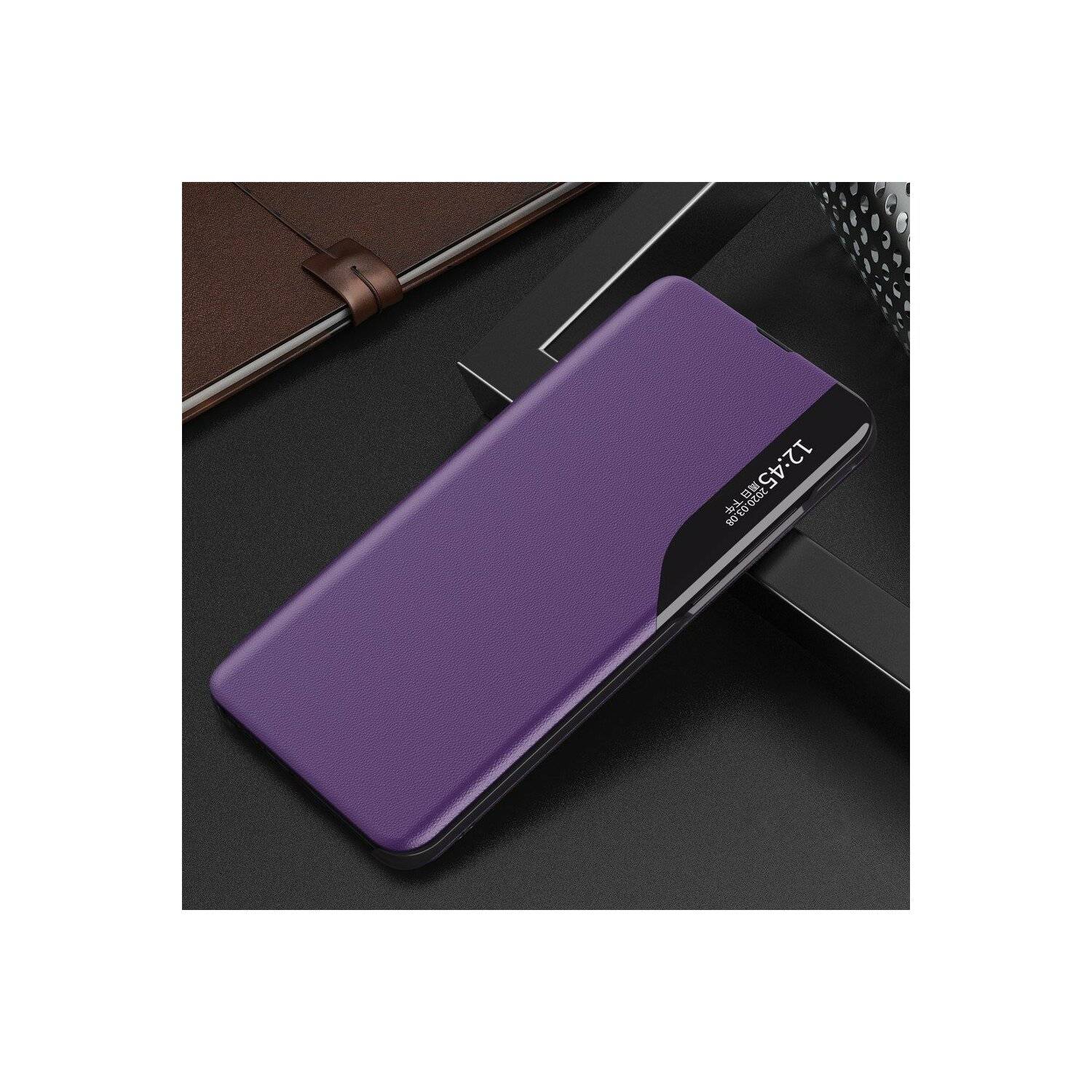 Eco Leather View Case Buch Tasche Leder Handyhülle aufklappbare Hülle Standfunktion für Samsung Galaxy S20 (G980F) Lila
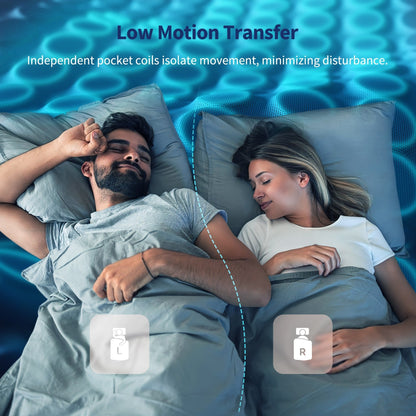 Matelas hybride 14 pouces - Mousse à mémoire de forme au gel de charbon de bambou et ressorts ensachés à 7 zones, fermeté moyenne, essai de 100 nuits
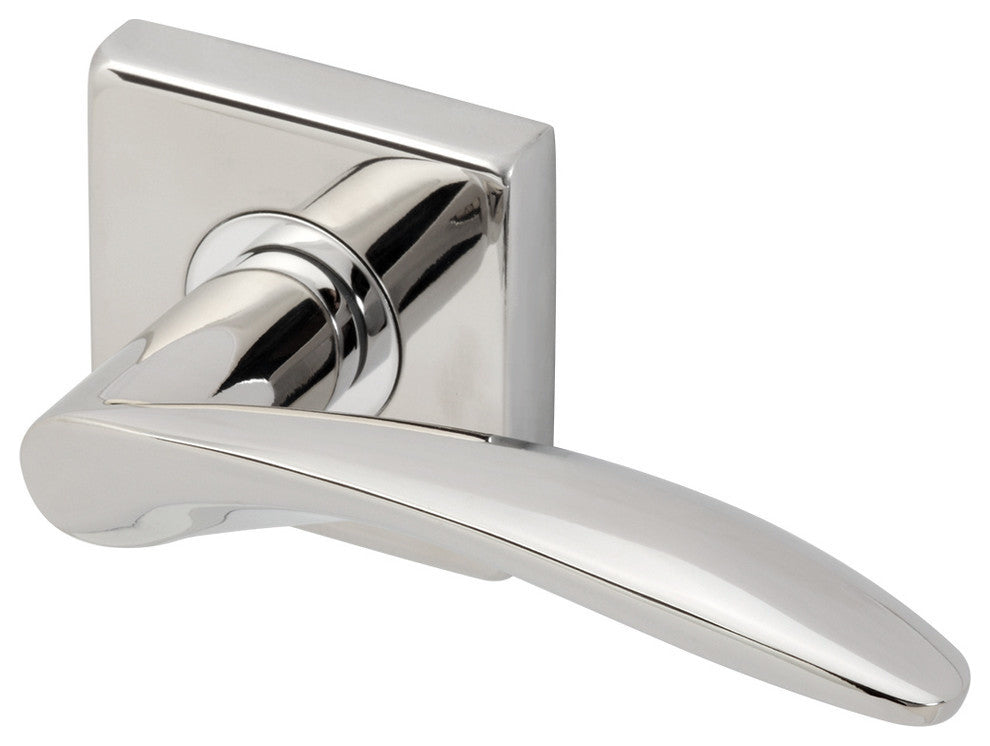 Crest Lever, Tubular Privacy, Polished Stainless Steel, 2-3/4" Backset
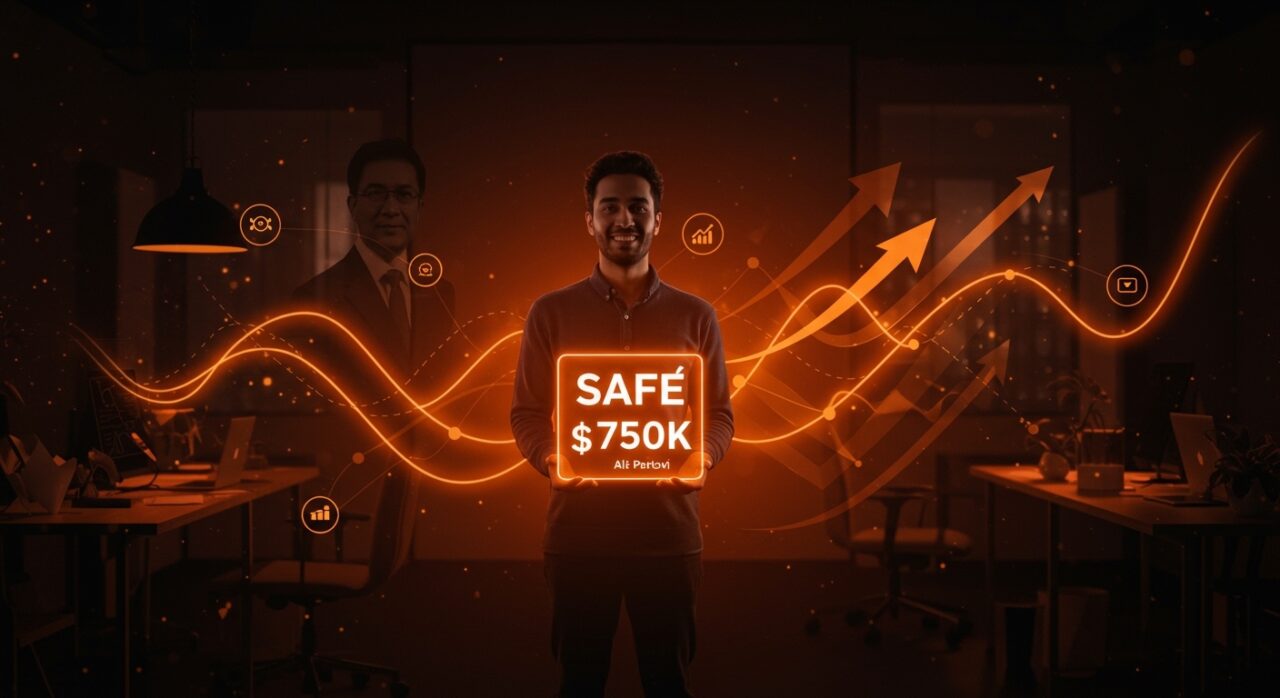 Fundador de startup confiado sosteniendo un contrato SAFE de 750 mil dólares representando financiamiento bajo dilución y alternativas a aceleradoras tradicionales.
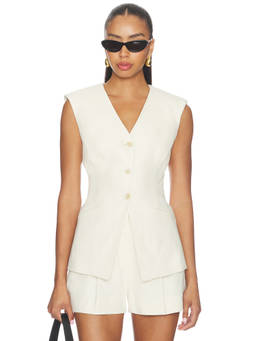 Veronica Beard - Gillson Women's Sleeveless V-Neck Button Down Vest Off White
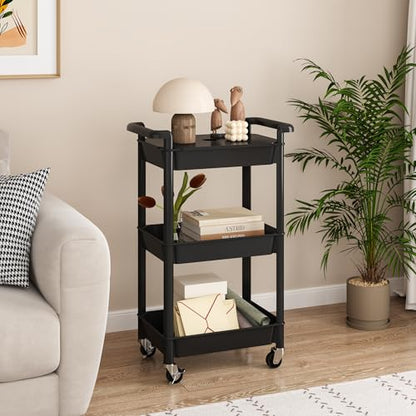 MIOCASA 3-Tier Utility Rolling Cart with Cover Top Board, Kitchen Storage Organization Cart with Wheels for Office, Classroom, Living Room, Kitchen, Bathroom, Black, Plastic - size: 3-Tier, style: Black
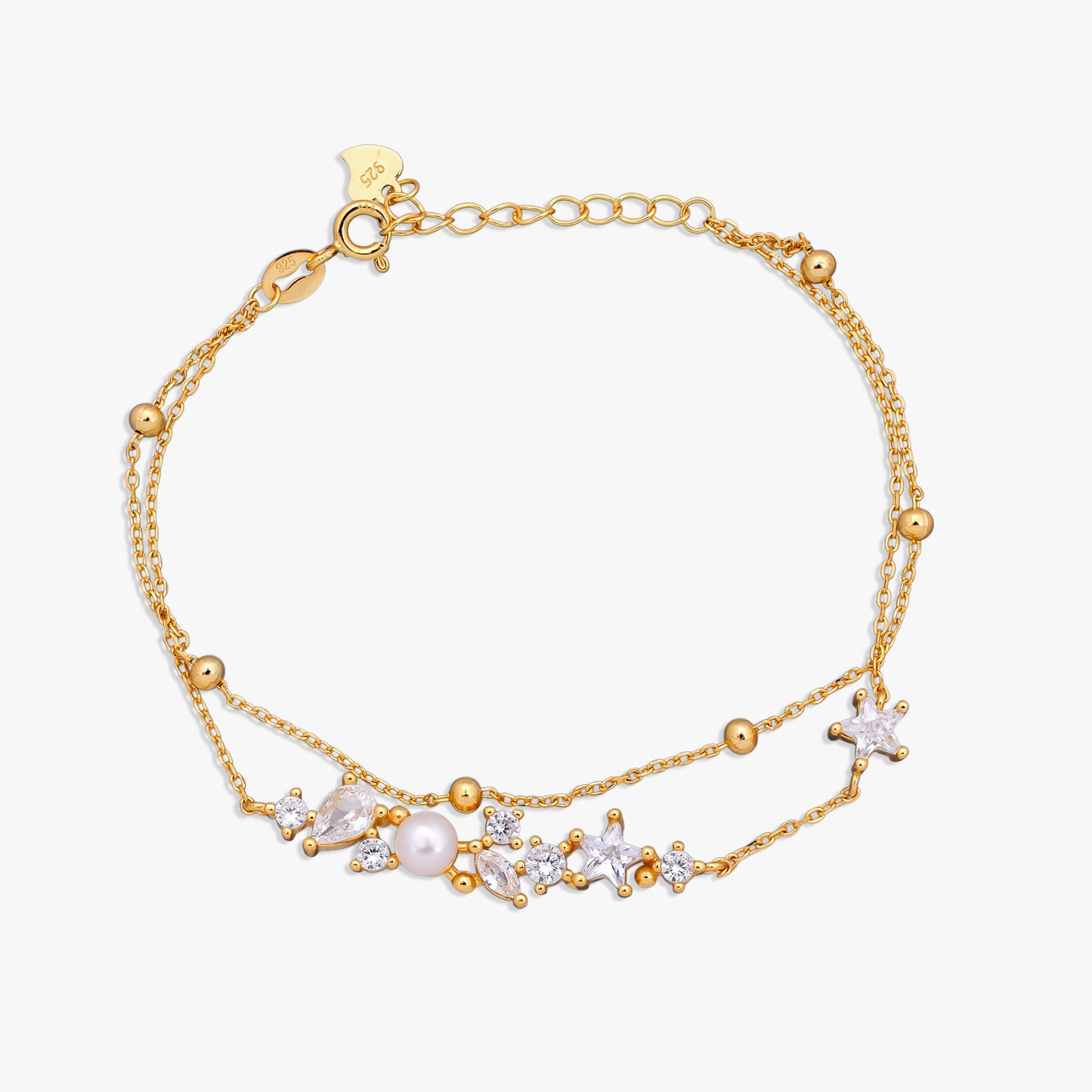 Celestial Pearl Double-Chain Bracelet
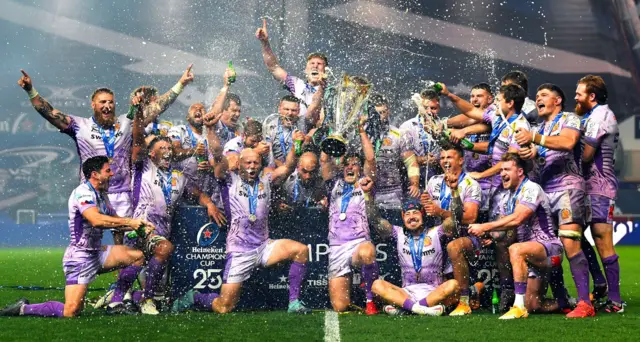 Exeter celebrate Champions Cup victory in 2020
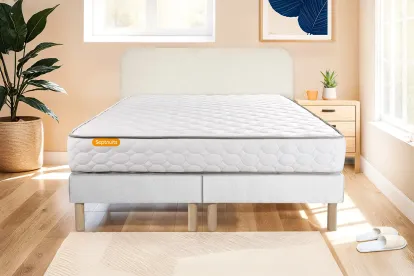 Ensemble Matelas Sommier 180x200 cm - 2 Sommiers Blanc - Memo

************

> _WORK ITEM_:
Repeat each line above exactly as it reads, omitting any pictures.

> _OUTPUT BELOW_:
 Eco Leather View Case Buch Tasche Leder Handyhülle aufklappbare Hülle Standfunktion für Samsung Galaxy S20 (G980F) Lila
 Matelas hybride 14 pouces - Mousse à mémoire de forme au gel de charbon de bambou et ressorts ensachés à 7 zones, fermeté moyenne, essai de 100 nuits
 Crest Lever, Tubular Privacy, Polished Stainless Steel, 2-3/4" Backset
 Fundador de startup confiado sosteniendo un contrato SAFE de 750 mil dólares representando financiamiento bajo dilución y alternativas a aceleradoras tradicionales.
 Veronica Beard - Gillson Women's Sleeveless V-Neck Button Down Vest Off White
 MIOCASA 3-Tier Utility Rolling Cart with Cover Top Board, Kitchen Storage Organization Cart with Wheels for Office, Classroom, Living Room, Kitchen, Bathroom, Black, Plastic - size: 3-Tier, style: Black
 Celestial Pearl Double-Chain Bracelet
 Exeter celebrate Champions Cup victory in 2020
 Ensemble Matelas Sommier 180x200 cm - 2 Sommiers Blanc - Memo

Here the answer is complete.